First, a bit of context: I journeyed to China with my classmates and lecturers, for a business-slash-educational-slash-fun trip. It was a week long and we visited Shanghai before taking the high-speed train up to Beijing. So without further ado, take a peek at my pics from Shanghai...
These photos are mostly taken from the first day, when our lecturer gave us a non-stop walking tour around the city. We barely had a moment to pause and take photos of the city landscape surrounding us, so mostly we just stared wide-eyed. As we explored the city, I was struck by a few surprises...
The first thing of note was the extent to which we were outsiders. We were so out-of-place that stares and pointing fingers were commonplace. And then there were the photos. People would whip out their phones and take photos of us Westerners, sometimes sneakily, other times not-so-much. At one point we were posing for a group photo, with the Shanghai skyline as our backdrop, and there was around 10 random people staring back at us and taking photos. Myself and the other two redheads were particularly popular, no doubt due to the novelty of our hair. On a few occasions I was asked by the curious to get in photos with them. Of course, I obliged... Anything for my fans! haha!
My next realisation was just how lost you could get here. I've become comfortable with day trips to European countries, where many people are able to speak English (putting my own language learning skills to shame). Plus, many words in European languages look and sound similar enough for you to get by. Mandarin, however, is an entirely new playing field - not only did none of the words sound remotely comprehendible to me, but they have a completely different alphabet. An alphabet which, to the untrained eye looks like scribbles, albeit beautiful and intricate scribbles. Utterly indecipherable for an ignorant Westerner such as myself.
Another point of note was the style in Shanghai: It was incredible! Prior to my trip, I had read online commentators warning that the Chinese steered clear of colours and frowned upon loud Western clothing. Much to my delight, I found that this was not the case at all! The style of the young locals was amazing, with some opting for the tulle skirt and heels combo that I adore. I was impressed... I only wish I had been on-the-ball and took some street style pics so I could share the great outfits I spotted.

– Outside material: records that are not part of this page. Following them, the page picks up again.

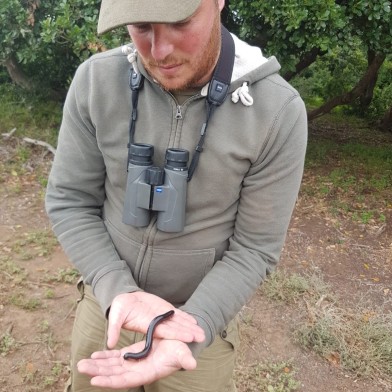 Daniel Lombard BSc. MCIEEM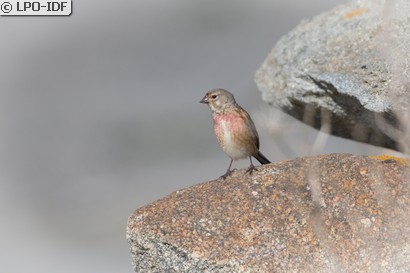 Linotte mélodieuse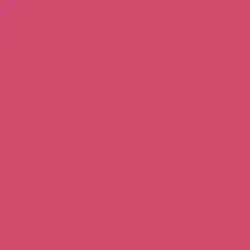 Pink Punch Paint Color DE5048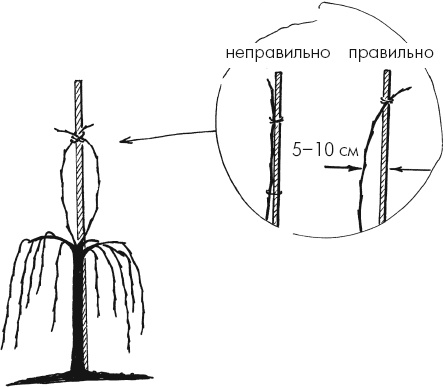 Иллюстрация к книге — Главные секреты вашего сада и огорода (переиздание) [_20.jpg]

The pollution was an aspect of Shanghai that hit me immediately. After touch down, it was a matter of mere hours before my skin felt oily and dirty. Fast-forward a day or two and I found that my skin had broken out in smog-induced spots. The haziness of the photos above are testament to the smog of the city.
While I may sound a tad negative in mentioning the pollution of the city, I'm eager to stress how much I loved Shanghai. As well as being in awe of the buildings surrounding me, I felt safe in the city. Okay, the driving was insane (taxi rides were... stressful), but the city itself has a pleasant, safe atmosphere, which is such a relief when visiting a new place.